- **Work required**:
Would you go through the records below and copy each line with the string "blue"?

[Stored items]
--------

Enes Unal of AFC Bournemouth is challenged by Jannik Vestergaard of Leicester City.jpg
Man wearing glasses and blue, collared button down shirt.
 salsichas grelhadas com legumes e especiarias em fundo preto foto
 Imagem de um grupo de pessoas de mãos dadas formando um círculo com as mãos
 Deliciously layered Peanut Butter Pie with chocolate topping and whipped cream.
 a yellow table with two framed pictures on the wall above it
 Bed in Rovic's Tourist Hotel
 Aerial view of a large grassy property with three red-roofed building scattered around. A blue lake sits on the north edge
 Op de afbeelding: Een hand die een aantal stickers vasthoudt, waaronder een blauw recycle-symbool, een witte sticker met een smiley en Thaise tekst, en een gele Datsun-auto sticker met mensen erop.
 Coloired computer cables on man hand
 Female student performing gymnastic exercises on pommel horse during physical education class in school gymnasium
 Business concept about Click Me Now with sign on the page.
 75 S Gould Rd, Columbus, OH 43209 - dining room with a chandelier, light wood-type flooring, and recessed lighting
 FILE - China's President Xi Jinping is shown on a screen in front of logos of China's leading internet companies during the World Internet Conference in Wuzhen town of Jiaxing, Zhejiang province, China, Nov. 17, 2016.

--------

- **Your solution**:
Man wearing glasses and blue, collared button down shirt.
 Aerial view of a large grassy property with three red-roofed building scattered around. A blue lake sits on the north edge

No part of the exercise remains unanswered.